SWM, 51, living on the oustkirts of Coventry in a dull, downmarket suburban area next to the M6. My personal life is of little interest to anyone, myself included, but for the record: I'm a Nichiren Buddhist and a self-employed internet developer. I don't really have any hobbies these days outside the internet (apart from drinking down the local), so this blog will concern mainly net type things. I'm occasionally to be found on urban75, spouting forth on all manner of subjects but mainly booze, sex, politics and computers.

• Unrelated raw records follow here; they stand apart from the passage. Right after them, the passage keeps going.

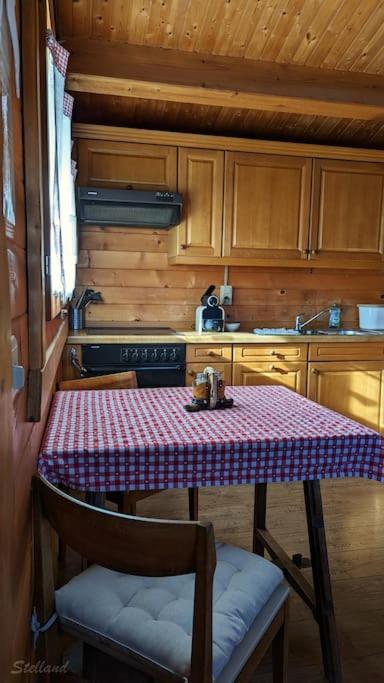 Übernachten in Blockhaus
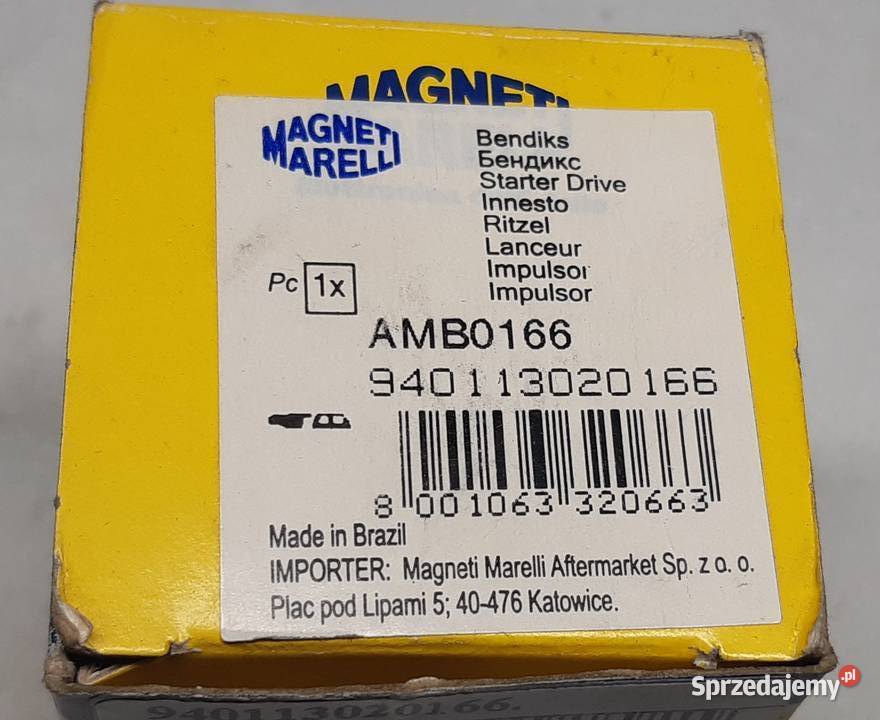 BENDIKS ROZRUSZNIKA AMB0166 MERCEDES 208D 210D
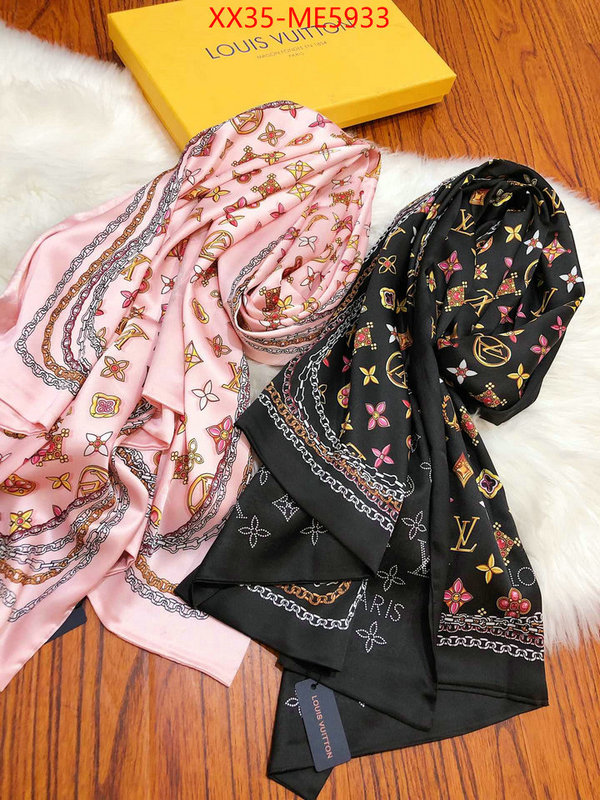 Scarf-LV,wholesale designer shop ID: ME5933,$: 35USD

Formerly, as sidelines, I was a photographer and musician, one day I'll get round to putting together a site showcasing as much of this stuff as I can, but what material I have left is rather limited. I've also run a record label, Stone Tiger, singularly unsuccessfully.Until about 1.5 years ago I was living in Thailand and over the course of time there, just about all my personal posessions were lost or stolen. It's a rather peculiar existence when that happens, but on the bright side, I won't have too much trouble letting go of stuff when the time comes to croak it.
Latterly, I've been busying myself with developing a discussion board, the Lotus Matrix and an e-commerce package, factorXkiosk.
For work I've spent most of my life as a programmer / analyst. I started out on COBOL on IBM and ICL mainframes, then moved on to being a systems programmer using RSX-11M on DEC PDP-11s. I've worked with loads of other platforms, 14 programming languages at the last count, but now it's mainly pc's under win2K and linux, PHP and Java, and mySQL.
I've also been a porter, cleaner, warehouse operative, barman and telephone answerer. I was crap at all of them.

That's enough for an intro. I may expand on some of these things later, but now it's time for gongyo.